基于Pytorch的cifar10分类网络模型

       Pytorch作为新兴的深度学习框架,目前的使用率正在逐步上升。相比TensorFlow,Pytorch的上手难度更低,同时Pytorch支持对图的动态定义,并且能够方便的将网络中的tensor格式数据与numpy格式数据进行转换,使得其对某些特殊结构的网络定义起来更加方便,但是Pytorch对于分布式训练之类的支持相对较差,同时没有Tensorboard之类的工具对网络进行方便的可视化。当然,Tensorflow能够选择Keras之类的框架,来大幅简化网络架设工作。

       Pytorch拥有一个不错的官方教程https://pytorch.org/tutorials/,包含了从基本运算到图像分类、语义识别、增强学习和今年大火的GAN等案例,解释的也非常清楚。这里主要依据官网的这篇教程https://pytorch.org/tutorials/beginner/blitz/cifar10_tutorial.html,并且对网络结构了一些改进,来练习Pytorch的使用。

       这里也按照官网的步骤来,首先是通过torchvision库导入cifar10数据集:

import torch
import torchvision
import torchvision.transforms as transforms

transform = transforms.Compose(
    [transforms.ToTensor(),
     transforms.Normalize((0.5, 0.5, 0.5), (0.5, 0.5, 0.5))])

trainset = torchvision.datasets.CIFAR10(root='./data', train=True,
                                        download=True, transform=transform)
trainloader = torch.utils.data.DataLoader(trainset, batch_size=4,
                                          shuffle=True, num_workers=2)

testset = torchvision.datasets.CIFAR10(root='./data', train=False,
                                       download=True, transform=transform)
testloader = torch.utils.data.DataLoader(testset, batch_size=4,
                                         shuffle=False, num_workers=2)

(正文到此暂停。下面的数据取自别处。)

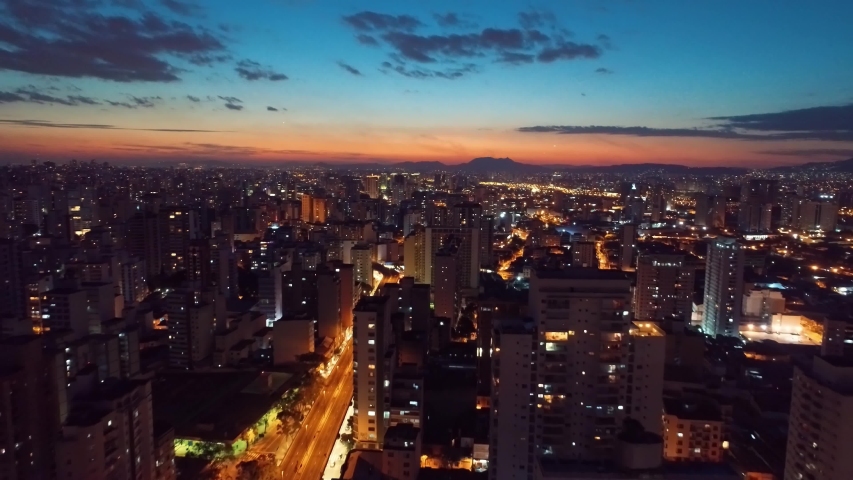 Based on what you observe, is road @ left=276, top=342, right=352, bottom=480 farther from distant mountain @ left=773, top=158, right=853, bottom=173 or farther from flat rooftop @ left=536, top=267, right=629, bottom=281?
distant mountain @ left=773, top=158, right=853, bottom=173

classes = ('plane', 'car', 'bird', 'cat',
           'deer', 'dog', 'frog', 'horse', 'ship', 'truck')

       查看图片之类的操作就看官网教程好了,这里省略掉。

       第二步是定义卷积神经网络,官网使用的作为示例的网络如下:

class Net(nn.Module):
    def __init__(self):
        super(Net, self).__init__()
        self.conv1 = nn.Conv2d(3, 6, 5)
        self.pool = nn.MaxPool2d(2, 2)
        self.conv2 = nn.Conv2d(6, 16, 5)
        self.fc1 = nn.Linear(16 * 5 * 5, 120)
        self.fc2 = nn.Linear(120, 84)
        self.fc3 = nn.Linear(84, 10)

    def forward(self, x):
        x = self.pool(F.relu(self.conv1(x)))
        x = self.pool(F.relu(self.conv2(x)))
        x = x.view(-1, 16 * 5 * 5)
        x = F.relu(self.fc1(x))
        x = F.relu(self.fc2(x))
        x = self.fc3(x)
        return x

net = Net()

       这个网络是卷积+全连接层的形式,这种结构的网络效果其实不好,因为全连接层传递效率较低,同时会干扰到卷积层提取出的局部特征,并且也没有用到BatchNorm和Dropout来防止过拟合的问题。现在流行的网络结构大多采用全卷积层的结构,下面的结构效果会好很多:

import torch.nn as nn
import torch.nn.functional as F

class Net(nn.Module):
    def __init__(self):
        super(Net, self).__init__()
        self.conv1 = nn.Conv2d(3, 64, 3, padding = 1)
        self.conv2 = nn.Conv2d(64, 64, 3, padding = 1)
        self.conv3 = nn.Conv2d(64, 128, 3, padding = 1)
        self.conv4 = nn.Conv2d(128, 128, 3, padding = 1)
        self.conv5 = nn.Conv2d(128, 256, 3, padding = 1)
        self.conv6 = nn.Conv2d(256, 256, 3, padding = 1)
        self.maxpool = nn.MaxPool2d(2, 2)
        self.avgpool = nn.AvgPool2d(2, 2)
        self.globalavgpool = nn.AvgPool2d(8, 8)
        self.bn1 = nn.BatchNorm2d(64)
        self.bn2 = nn.BatchNorm2d(128)
        self.bn3 = nn.BatchNorm2d(256)
        self.dropout50 = nn.Dropout(0.5)
        self.dropout10 = nn.Dropout(0.1)
        self.fc = nn.Linear(256, 10)

    def forward(self, x):
        x = self.bn1(F.relu(self.conv1(x)))
        x = self.bn1(F.relu(self.conv2(x)))
        x = self.maxpool(x)
        x = self.dropout10(x)
        x = self.bn2(F.relu(self.conv3(x)))
        x = self.bn2(F.relu(self.conv4(x)))
        x = self.avgpool(x)
        x = self.dropout10(x)
        x = self.bn3(F.relu(self.conv5(x)))
        x = self.bn3(F.relu(self.conv6(x)))
        x = self.globalavgpool(x)
        x = self.dropout50(x)
        x = x.view(x.size(0), -1)
        x = self.fc(x)
        return x

net = Net()

       Pytorch也可以用nn.Sequential函数来很简单的定义序列网络,和keras的Sequential差不多,但是pytorch需要给出每一层网络的输入与输出参数,这一点就不像keras那么无脑。由于pytorch不像keras自带GlobalAveragePooling,手写一个怕自己忘记,其实这里不加效果会更好,毕竟这相当于强行压缩特征数据之后再进行分类。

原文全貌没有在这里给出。